Wherever she went, Connie Snell spread beauty.

“She venerated the beauty that flowers could bring to the neighborhood, to our community,” her husband, Hilary Snell, said.

Thanks to her tireless volunteer work and the couple’s generosity, that legacy of beauty will live on, although Connie Snell is gone. She and her husband of 47 years began contributing to the Frederik Meijer Gardens and Sculpture Foundation’s endowment fund in 2003. In December 2010, they gave $10,000 to create the Constance Z. & Hilary F. Snell Fund to support volunteer activities at Meijer Gardens, including the annual Connie Snell Volunteer Recognition Dinner, recently named in her memory.

Connie Snell died February 2, 2011 after a 4 ½-year battle with lung cancer. She fought the disease with the same determination she gave to her volunteer work. She was a master gardener and a founding member of the Kent County Horticultural Society, which 30 years ago proposed creating the botanical garden that became the Frederik Meijer Gardens & Sculpture Park.

When the Meijer Gardens board asked her to chair its Volunteer Services Committee, she took on the task with her usual enthusiasm, attended a National Organization on Volunteers seminar in Atlanta at her own expense to learn the necessary skills, and then recruited and scheduled the army of volunteers to help run the park.
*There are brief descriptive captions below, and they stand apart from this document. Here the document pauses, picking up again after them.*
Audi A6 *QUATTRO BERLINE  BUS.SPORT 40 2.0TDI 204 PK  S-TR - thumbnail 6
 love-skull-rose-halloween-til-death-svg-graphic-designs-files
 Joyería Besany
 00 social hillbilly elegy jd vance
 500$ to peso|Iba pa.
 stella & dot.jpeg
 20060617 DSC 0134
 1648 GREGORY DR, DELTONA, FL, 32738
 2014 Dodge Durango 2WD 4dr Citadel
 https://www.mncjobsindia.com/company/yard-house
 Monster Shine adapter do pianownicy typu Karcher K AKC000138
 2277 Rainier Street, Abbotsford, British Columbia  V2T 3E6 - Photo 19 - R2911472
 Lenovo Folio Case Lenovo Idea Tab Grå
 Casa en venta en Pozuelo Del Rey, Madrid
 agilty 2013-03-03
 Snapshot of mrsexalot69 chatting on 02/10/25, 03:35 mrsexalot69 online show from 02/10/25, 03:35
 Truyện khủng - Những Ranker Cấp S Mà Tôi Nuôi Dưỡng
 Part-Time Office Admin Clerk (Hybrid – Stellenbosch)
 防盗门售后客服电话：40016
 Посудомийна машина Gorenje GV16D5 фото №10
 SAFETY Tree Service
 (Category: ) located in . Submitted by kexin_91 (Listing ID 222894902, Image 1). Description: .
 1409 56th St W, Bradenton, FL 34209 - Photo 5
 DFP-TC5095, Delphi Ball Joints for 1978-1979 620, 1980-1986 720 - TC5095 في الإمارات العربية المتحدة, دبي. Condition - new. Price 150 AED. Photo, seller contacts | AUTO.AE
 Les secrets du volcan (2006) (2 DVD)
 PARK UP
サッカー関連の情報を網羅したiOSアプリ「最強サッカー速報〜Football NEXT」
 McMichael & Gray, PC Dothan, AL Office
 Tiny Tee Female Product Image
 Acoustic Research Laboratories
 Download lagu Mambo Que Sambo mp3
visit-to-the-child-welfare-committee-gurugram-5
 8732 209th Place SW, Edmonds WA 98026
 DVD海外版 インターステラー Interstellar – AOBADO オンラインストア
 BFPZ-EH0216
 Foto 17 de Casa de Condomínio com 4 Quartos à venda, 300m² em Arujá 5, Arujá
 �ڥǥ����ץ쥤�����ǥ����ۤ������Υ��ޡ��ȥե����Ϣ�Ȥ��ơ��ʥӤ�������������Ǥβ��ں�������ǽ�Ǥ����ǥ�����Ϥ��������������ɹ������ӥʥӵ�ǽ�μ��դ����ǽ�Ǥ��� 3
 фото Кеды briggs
“She was really proud of this institution and very supportive of all the people who worked on it,” Hilary Snell said. “Everything this place did was important to her.”

She sought little recognition for much of the beauty she spread throughout the community. When their sons were students at East Grand Rapids High School, she planted flowers outside the school’s entrance one weekend and, because a water source was not readily available, carried milk cartons filled with water up there every other day.

She designed the gardens in front of the Gerald R. Ford Presidential Museum and the adjacent grave site where the former President and Betty Ford now are interred. Many summer mornings, she slipped down to the museum and weeded the flower beds without permission or recognition.

“She was driven to contribute,” Hilary Snell said. “She spent most of her adult life in this community. She loved it, she wanted to be a part of it, and she wanted to contribute. She just wanted to contribute.”

It was her idea to create a fund through the Foundation to support volunteer activities. Less than two months before she died, the couple donated $10,000 to create the Constance Z. and Hilary F. Snell Fund. Since her death 103 gifts totaling $15,295 were made to the fund in her memory.

“She wanted a legacy,” Hilary Snell said. “It’s what this place meant to her.”